WASHINGTON, D.C. -
The U.S. Department of Energy (DOE) announced the selection of 10 projects aimed at developing advanced technologies and concepts to minimize freshwater withdrawal and consumption by coal-based power systems. By improving the environmental performance of coal, America's most abundant energy resource, the projects will strengthen national energy security and help provide clean, affordable, abundant energy for future generations.
Thermoelectric power plants are the second largest user of freshwater in the United States, requiring significant volumes to cool and condense the low-pressure steam from the plant’s electricity-generating turbines. Only the agricultural sector, which uses large quantities of water for irrigation, withdraws more freshwater than thermoelectric power plants.
The operation of existing thermoelectric power plants and the permitting of new plants are challenged by competing demands from other water-use sectors, increasingly stringent water-related environmental requirements, and growing populations in water-constrained regions, which increases the need for electricity.
Further, a recent DOE analysis projects that the consumption of freshwater by thermoelectric power stations will increase over the next 20 years as older plants using "once-through" cooling retire and are replaced by new plants with "closed-loop" cooling systems, which lose water through evaporation.

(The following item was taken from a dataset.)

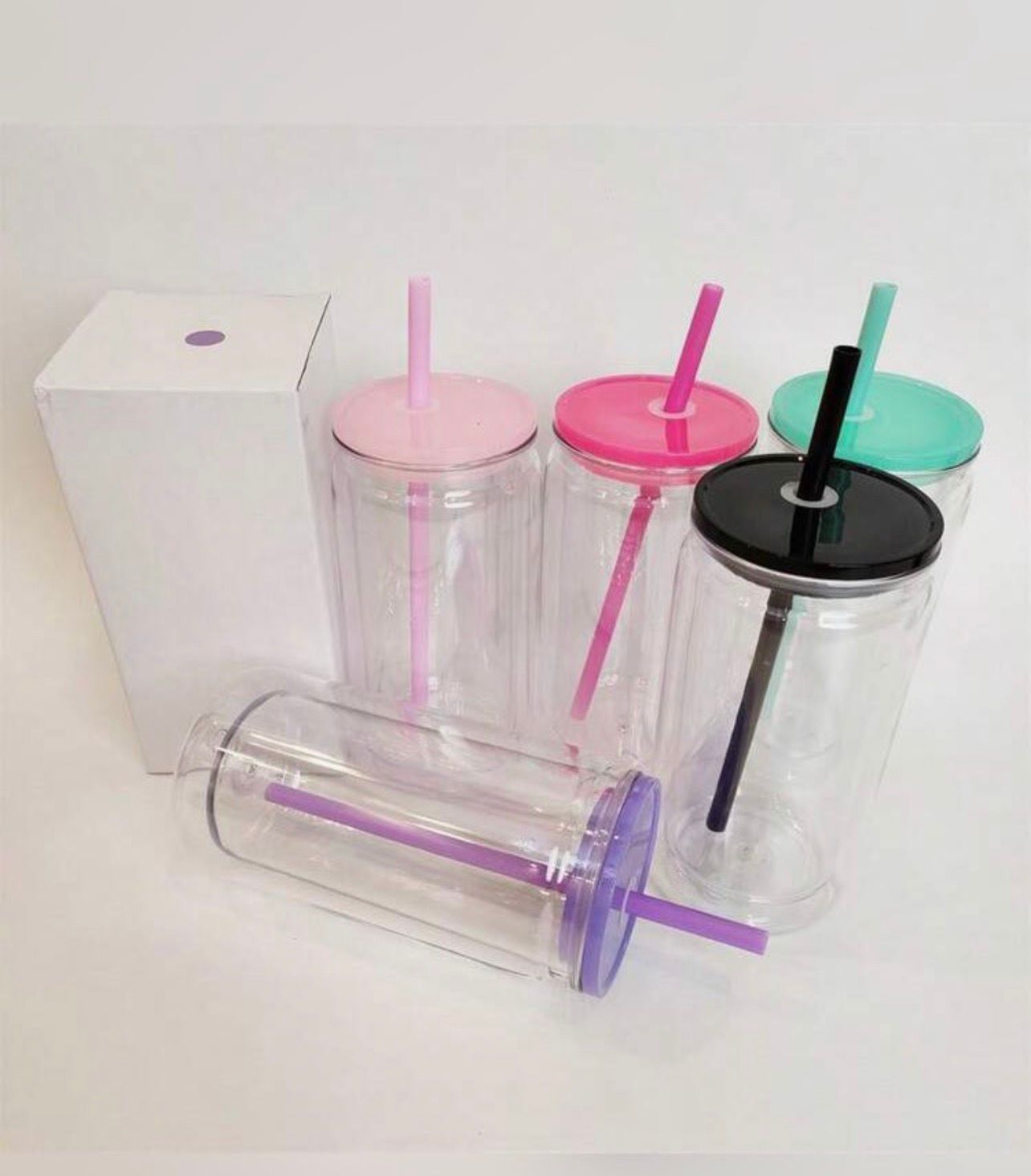 16oz acrylic snowglobe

The DOE analysis also shows that the demand for water by the power sector could further increase if regulations are enacted to reduce emissions of the greenhouse gas carbon dioxide (CO2). As much as 30 to 40 percent of a plant's electrical output can be required to operate a carbon-capture system; additional capacity is needed to make up for the lost output, which increases demands for cooling water and water for plant operations.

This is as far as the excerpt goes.